How does Amazon EBS Snapshot determine modified files?
Typically, a sync application detects file modifications based on file size changes and modified dates. Does this hold true for Amazon EBS Snapshot processes?
Recently I noticed a fixed sized file was excluded from a snapshot even though the file was modified numerous times over a period. When the most recent snapshot (in fact, any snapshots created after the first one) was loaded into a new instance, only the initial content could be located within the file. Even the modified date on the file was set to the initial date.
This made me wonder how Amazon EBS Snapshot determines modified files. Are there any configurations I can change to ensure fixed sized files are added to snapshots correctly?
Yes, But it does so on a block level. That is, it detects changed low-level blocks rather than files.
EBS does use block level diffs to determine what to store (as @Dmitry says). However, EBS also keeps all previously existing snapshots that are needed to fully re-create the state of the file system in the state it was in when the snapshot was taken.
If your snapshot shows an old state of a given file, you certainly are looking at an old snapshot.

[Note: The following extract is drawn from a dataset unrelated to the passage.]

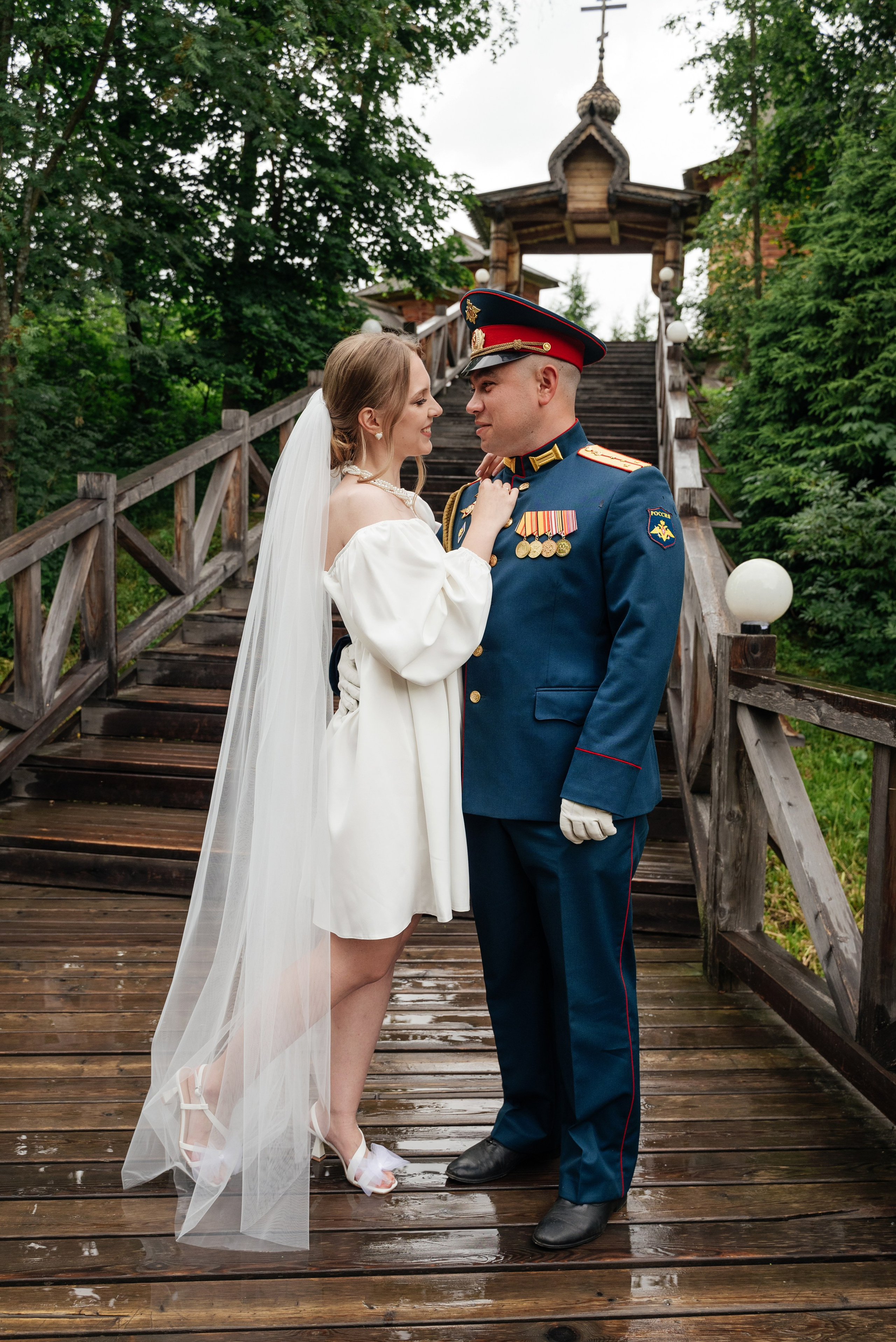 Жених в военной форме. Романтично. Свадебный фотограф в Сергиевом Посаде недорого Ольга Гузанова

Amazon EBS snapshots are incremental backups, meaning that only the blocks on the device that have changed since your last snapshot will be saved. If you have a device with 100 GBs of data, but only 5 GBs of data has changed since your last snapshot, only the 5 additional GBs of snapshot data will be stored back to Amazon S3. Even though the snapshots are saved incrementally, when you delete a snapshot, only the data not needed for any other snapshot is removed. So regardless of which prior snapshots have been deleted, all active snapshots will contain all the information needed to restore the volume.